Free English Lessons
Improve English Study Habits – Video
by Gina Mares on 26 July, 2019 , Comments Off on Improve English Study Habits – Video
In this lesson, you’ll see a study technique which can help improve English study habits and help you to learn English more efficiently. Make real, deep progress over time. You’ll see a mistake which many English learners make, and how you can avoid it.
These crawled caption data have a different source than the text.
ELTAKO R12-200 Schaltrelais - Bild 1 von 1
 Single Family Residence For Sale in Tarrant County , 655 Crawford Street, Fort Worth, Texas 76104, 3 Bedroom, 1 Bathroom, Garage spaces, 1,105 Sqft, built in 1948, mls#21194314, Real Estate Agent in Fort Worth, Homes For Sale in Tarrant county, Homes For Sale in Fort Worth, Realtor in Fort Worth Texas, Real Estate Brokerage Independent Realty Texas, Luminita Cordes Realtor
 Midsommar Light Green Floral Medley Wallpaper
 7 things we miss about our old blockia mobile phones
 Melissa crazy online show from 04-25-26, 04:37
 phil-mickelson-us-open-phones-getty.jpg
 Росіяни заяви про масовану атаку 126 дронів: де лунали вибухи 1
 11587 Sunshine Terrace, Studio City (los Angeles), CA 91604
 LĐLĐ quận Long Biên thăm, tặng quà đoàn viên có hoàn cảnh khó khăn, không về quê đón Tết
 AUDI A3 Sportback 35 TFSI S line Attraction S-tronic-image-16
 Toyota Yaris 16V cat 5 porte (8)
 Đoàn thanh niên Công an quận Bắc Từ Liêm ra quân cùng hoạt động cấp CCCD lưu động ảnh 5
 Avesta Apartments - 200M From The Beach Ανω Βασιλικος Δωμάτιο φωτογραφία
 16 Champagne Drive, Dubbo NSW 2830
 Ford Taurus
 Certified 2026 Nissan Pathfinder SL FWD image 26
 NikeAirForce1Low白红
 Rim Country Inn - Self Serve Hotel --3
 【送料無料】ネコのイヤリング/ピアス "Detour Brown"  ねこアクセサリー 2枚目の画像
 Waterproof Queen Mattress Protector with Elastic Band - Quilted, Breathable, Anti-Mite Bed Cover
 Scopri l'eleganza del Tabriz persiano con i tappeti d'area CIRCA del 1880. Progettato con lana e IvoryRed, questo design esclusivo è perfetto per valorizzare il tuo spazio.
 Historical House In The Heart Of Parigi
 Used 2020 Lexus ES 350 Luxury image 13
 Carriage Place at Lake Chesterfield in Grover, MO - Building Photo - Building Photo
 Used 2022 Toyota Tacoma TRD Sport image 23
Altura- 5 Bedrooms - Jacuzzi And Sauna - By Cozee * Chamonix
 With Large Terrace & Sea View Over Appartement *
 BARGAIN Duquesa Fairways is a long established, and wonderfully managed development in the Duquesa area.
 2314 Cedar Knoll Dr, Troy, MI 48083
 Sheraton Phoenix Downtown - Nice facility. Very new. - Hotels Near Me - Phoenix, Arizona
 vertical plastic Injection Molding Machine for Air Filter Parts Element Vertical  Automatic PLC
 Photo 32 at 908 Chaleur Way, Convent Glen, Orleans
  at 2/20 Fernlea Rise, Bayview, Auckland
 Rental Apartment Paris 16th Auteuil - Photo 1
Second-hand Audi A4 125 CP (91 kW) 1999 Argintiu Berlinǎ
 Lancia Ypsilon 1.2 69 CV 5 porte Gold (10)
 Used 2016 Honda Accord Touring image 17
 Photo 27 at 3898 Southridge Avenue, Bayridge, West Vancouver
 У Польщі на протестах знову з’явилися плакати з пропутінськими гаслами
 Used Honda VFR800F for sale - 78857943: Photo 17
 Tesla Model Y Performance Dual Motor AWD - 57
How can you improve your English over time? How can you make real progress, so that you don’t keep forgetting and relearning the same things? The solution is not easy or fast, but it is simple: read more and listen more in English. Reading and listening in English regularly are essential if you want to improve your English skills. OK, you say, but what about my speaking? What about my writing? I need to learn to speak in English! Fine, but where will your vocabulary come from? Where will your sentence structure come from? These building blocks of language don’t come from nowhere. They come from things you read or hear. The more you read and listen, the more tools you’ll have when you’re speaking or writing. But, many English learners don’t read or listen enough. Sometimes, they say things like: “It’s too difficult to read in English.” “There are too many unknown words!” “It’s too tiring! I get bored!” You’re going to see an idea to help you deal with these problems, so you can take control of your study habits, and make real, deep improvements to your English over time.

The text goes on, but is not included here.